Diet Drink plenty of water to strengthen your metabolism, but don't drink too much at once, let alone food, and always consciously avoid making your stomach feel full, make your stomach smaller, and develop a lean habit.
Lunch: The content that can be eaten is hearty, I don't advocate eating all vegetables and fruits, it is not easy to stick, and it also affects the face and immunity. In fact, even if it is a vegetable, it is much more serious to put a lot of oil in it than to eat meat.
Therefore, it is not the ingredients that matter, but the cooking techniques that matter. However, compared to beef, mutton and pork, it is still highly recommended to eat fish.
Dinner: Eat less, it is recommended to eat bananas and corn in the early stage, it is less likely to feel hungry, and it is good for metabolism. After getting used to eating less at dinner, you can eat a vegetable salad, but avoid salad dressings.

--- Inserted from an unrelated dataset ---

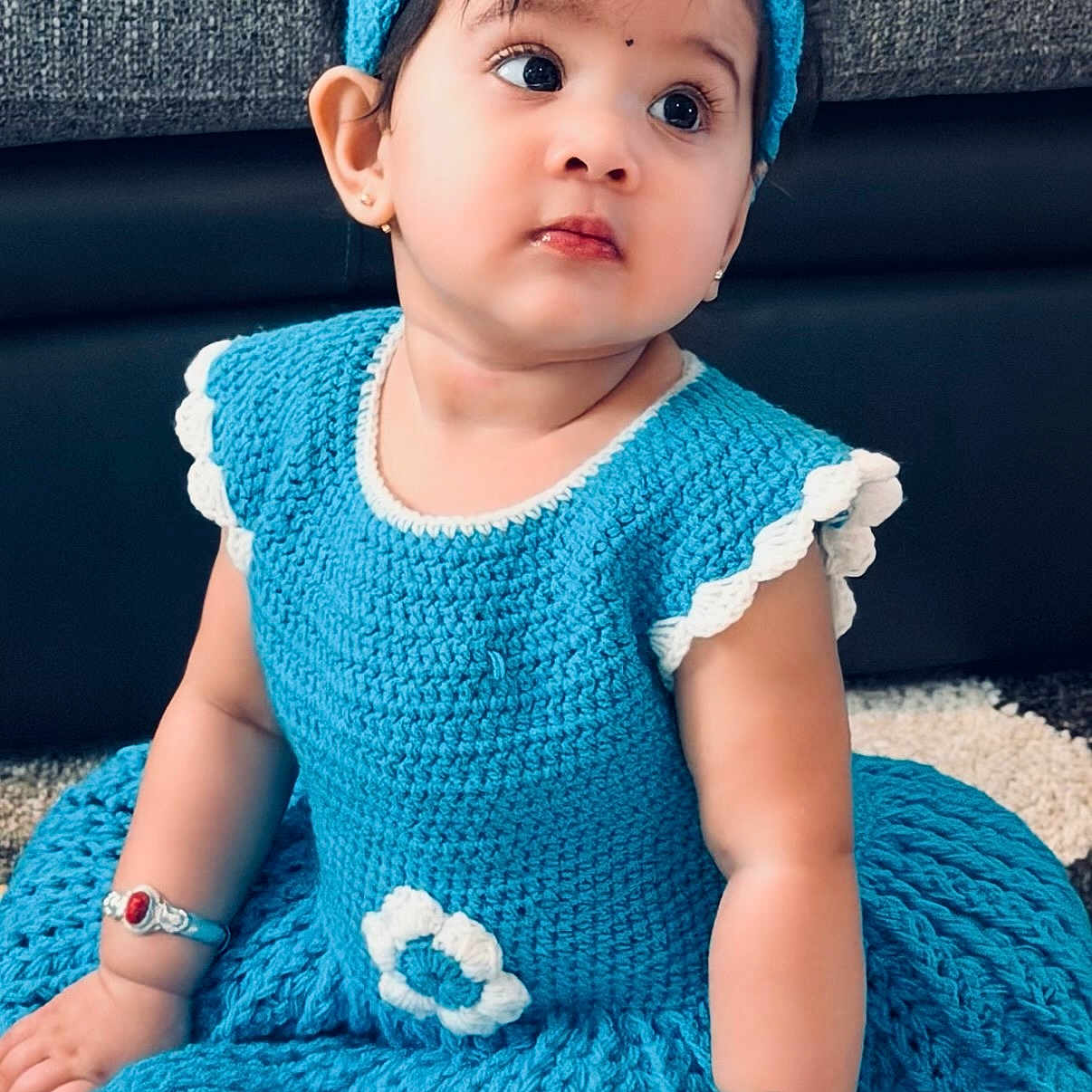 Edhaa is registered to the contest to win money with this photo: baby, child, girl, blue_dress, headband, crocheted_clothing, bracelets, indoor, carpet, cute, portrait, sitting, young_child, earrings, curious_expression, fashion, accessories, face, person, toddler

It is highly recommended to eat more carrots, oranges, grapefruits, etc., which are also beautiful and beautiful.
Don't drink too much water at night, and don't drink water or tea within an hour before bedtime, but you can drink a glass of warm milk.
The main goal of my diet is not to be healthy, but to use it for ** is definitely more stable than the so-called ** meal, and it can help everyone develop a thin habit.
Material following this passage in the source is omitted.